現在、栗橋町(くりはしまち)とは、かつて埼玉県の東部北に存在した人口約2万7千人の町。北葛飾郡の最北端に位置していた。2010年(平成22年)3月23日、久喜市、南埼玉郡菖蒲町及び北葛飾郡鷲宮町との新設合併により消滅した。現在でも旧栗橋町域を総称して栗橋地区という。
■幸手のお祭り(さってのおまつり);幸手市は埼玉県東部にある人口約5万人の市です。江戸時代から日光御成街道と日光街道(奥州街道)の合流点に位置する宿場町として栄えていた。市内には徳川将軍が日光東照宮へ墓参する際に立ち寄った聖福寺や明治天皇が行幸した折に宿泊した行在所跡が残る。市の西寄りを南北に東武日光線と国道4号線(日光街道)が縦断しており、東武日光線幸手駅とその東側の旧道(旧・日光街道)、国道4号線を中心に宅地を中心とする市街地が広がる。
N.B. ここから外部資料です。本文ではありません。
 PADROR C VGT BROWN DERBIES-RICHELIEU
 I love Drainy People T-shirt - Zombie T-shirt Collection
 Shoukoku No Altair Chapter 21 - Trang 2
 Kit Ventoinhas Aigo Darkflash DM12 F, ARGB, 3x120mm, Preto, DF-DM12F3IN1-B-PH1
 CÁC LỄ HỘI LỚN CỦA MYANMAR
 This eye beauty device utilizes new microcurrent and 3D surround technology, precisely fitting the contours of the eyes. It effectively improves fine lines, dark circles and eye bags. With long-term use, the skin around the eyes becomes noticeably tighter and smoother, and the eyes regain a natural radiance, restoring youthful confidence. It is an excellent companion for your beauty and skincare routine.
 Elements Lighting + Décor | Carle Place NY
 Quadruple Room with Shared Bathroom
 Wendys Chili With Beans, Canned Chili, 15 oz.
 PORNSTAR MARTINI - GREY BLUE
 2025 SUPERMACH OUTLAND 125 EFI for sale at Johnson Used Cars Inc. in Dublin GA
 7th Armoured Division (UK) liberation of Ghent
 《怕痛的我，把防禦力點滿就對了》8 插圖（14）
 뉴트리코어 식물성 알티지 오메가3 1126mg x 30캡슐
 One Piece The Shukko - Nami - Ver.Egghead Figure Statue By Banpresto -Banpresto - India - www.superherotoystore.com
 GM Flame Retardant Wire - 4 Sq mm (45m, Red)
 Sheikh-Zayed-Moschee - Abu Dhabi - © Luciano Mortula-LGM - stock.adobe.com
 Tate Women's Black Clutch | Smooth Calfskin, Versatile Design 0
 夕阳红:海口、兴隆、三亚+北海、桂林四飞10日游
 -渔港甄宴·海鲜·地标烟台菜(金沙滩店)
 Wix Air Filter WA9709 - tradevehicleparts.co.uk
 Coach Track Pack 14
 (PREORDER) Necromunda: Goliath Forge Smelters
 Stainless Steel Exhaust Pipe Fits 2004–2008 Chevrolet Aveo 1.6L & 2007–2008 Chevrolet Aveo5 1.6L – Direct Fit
市街地の外側では水田地帯の中に集落が散在している。
東武日光線の幸手駅が市の中心部に有り、北隣の栗橋町には同線の南栗橋駅と栗橋駅が接続しています。
yahoo地図より栗橋・幸手部分切り抜き及び書き込み。
■幸手堤(さってづつみ);『牡丹燈籠』 惨劇の場。“幸手堤”
とはどこだろう?http://open.mixi.jp/user/809109/diary/540168608 より下敷きにして考えます。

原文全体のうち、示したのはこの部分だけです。